Table 3. Skills acquired through on-campus training as an alternative to clinical training during COVID-19.
COVID-19: coronavirus disease 2019
| Skills acquired | Number of articles (percentage) | References |
| Understanding the nursing process to plan evidence-based nursing care | 15 (57.7) | [15,17-22,24,25,30,33,34,37,39,40] |
| Collaboration among student group members | 15 (57.7) | [18,22,24,25,27,30,31,33,34,36,37,39] |
| Understanding nursing and the role of its activities among various settings and team structures | 11 (42.3) | [16,22,27,28,30-32,34,36,38,39] |
| Implementing the safety/comfort/independence of nursing care skills | 10 (38.5) | [15,19-22,26,27,35,37,40] |
| Understanding nursing practice adapted to diseases and recovery process | 8 (30.7) | [17,21,28,30,32,34,35,37] |
| Understanding patients such as physical/mental reactions associated with health problems and treatment | 8 (38.5) | [15,24,28,30,32,34,35,39] |
| Learning student’s own characteristics related to basic attitude, how to form a team, and nursing practice | 5 (19.2) | [24,26,29,34,36] |
| Understanding nursing practice in various settings such as hospitals or facilities | 3 (11.5) | [16,22,30] |
| Understanding discharge planning and continued nursing among various settings and team structures | 3 (11.5) | [22,29,37] |
| Advocation for dignity and human rights such as considering clinical ethics issues | 3 (11.5) | [15,30,34] |
| Knowledge of multi-professional collaboration among various settings and team structures | 2 (7.7) | [31,33] |
| Correctly addressing specific health problems and imagining meeting patients’ wishes | 2 (7.7) | [26,35] |
Skills Not Acquired
Table 4 shows the frequency items of skills not acquired. The number of reports on “communicating patient responses” was 11 (42.3%) and that of those on “implementing safety/comfort/independence in nursing cares” was 10 (38.5%). Further, there were seven reports (26.9%) each on “collecting patient information regarding nursing practice adapted to the disease and recovery process and planning evidence-based nursing care” and “planning nursing practice in various settings such as hospitals or facilities.” Additionally, “understanding patients’ physical/mental reactions associated with health problems and treatment” was reported in six articles (23.1%).

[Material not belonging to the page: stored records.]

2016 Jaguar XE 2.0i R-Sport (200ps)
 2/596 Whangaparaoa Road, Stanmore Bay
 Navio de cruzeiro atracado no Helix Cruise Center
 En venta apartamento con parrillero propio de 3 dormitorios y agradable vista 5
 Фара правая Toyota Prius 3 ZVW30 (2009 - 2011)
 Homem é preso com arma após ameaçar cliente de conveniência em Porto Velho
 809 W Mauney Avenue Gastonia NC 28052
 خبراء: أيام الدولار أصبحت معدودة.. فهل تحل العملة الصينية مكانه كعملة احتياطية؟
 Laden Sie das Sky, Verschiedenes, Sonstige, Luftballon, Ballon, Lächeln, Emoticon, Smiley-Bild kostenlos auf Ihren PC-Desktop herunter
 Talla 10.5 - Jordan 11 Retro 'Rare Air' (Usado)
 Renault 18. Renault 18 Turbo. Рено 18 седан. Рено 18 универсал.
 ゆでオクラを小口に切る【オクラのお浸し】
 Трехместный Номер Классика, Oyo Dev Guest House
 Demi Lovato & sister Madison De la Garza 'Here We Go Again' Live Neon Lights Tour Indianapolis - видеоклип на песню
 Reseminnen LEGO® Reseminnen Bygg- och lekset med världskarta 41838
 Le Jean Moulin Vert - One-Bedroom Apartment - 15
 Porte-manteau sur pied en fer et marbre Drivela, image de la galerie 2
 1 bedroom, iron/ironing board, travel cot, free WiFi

Table 4. Skills not acquired through on-campus training as an alternative to clinical practice during COVID-19.
COVID-19: coronavirus disease 2019
| Skills not acquired | Number of articles (percentage) | References |
| Communicating patient responses | 11 (42.3) | [17-22,25,27,35,36,39] |
| Implementing safety/comfort/independence in nursing cares | 10 (38.5) | [17,18,20,26,32-36,38] |
| Collecting patient information regarding nursing practice adapted to the disease and recovery process and planning evidence-based nursing care | 7 (26.9) | [17,18,20,21,25,26,33] |
| Planning nursing practice in various settings such as hospitals or facilities | 7 (26.9) | [16,20,30-33,35] |
| Understanding patients’ physical/mental reactions associated with health problems and treatment | 6 (23.1) | [17,21,22,31,37,40] |
| Building supportive human relationships | 5 (19.2) | [18,20,25,30,34] |
| Multi-professional collaborations in multiple settings and team structures | 2 (7.7) | [20,24] |
| Understanding the role of nursing and its activities in multiple settings and team structures | 1 (3.8) | [16] |
| Advocacy of dignity and human rights | 1 (3.8) | [24] |
| Taking care of multiple patients | 1 (3.8) | [36] |
| Flexibility in taking care of patient's condition | 1 (3.8) | [20] |
| Quick assessment | 1 (3.8) | [20] |
| Providing evidence-based nursing care according to the needs of individual patients | 1 (3.8) | [35] |
Discussion
Clinical practice involves a lot of learning, but it is necessary to consider the burden on both students and clinical instructors. Nursing students who received clinical practice training in actual clinical settings during the COVID-19 pandemic have some practical concerns, including the provision of fewer learning opportunities and a lack of complete understanding of why they chose to become a nurse [41]. In October 2021, the Ministry of Education, Culture, Sports, Science, and Technology of Japan surveyed schools for training public health nurses, midwives, and other such practitioners and reported that 97.2% of the colleges provided some kind of practical training as an alternative to clinical training [42]. Practical training as an alternative to clinical training can be conducted through on-campus, online (interactive communication is possible), theoretical, report, and on-demand (one-way communication) training.
Our findings suggested similar trends to those found in ministry reports, such as using documented patient records and roleplay by nursing students or teachers. Owing to limited time and manpower due in Japan to COVID-19, training schools provided only on-campus training for nursing students. This study identified the advantages and disadvantages of on-campus training as a substitute for clinical practice by conducting a systematic literature review. The study results indicate that nursing educators implemented various on-campus training programs, which partly substituted clinical practice but led to challenges as well. On the one hand, the advantages of on-campus training included students’ ability to acquire knowledge and basic skills and student group memberships; on the other hand, students could only partly acquire problem-solving skills and faced difficulties in patient-response-based communication.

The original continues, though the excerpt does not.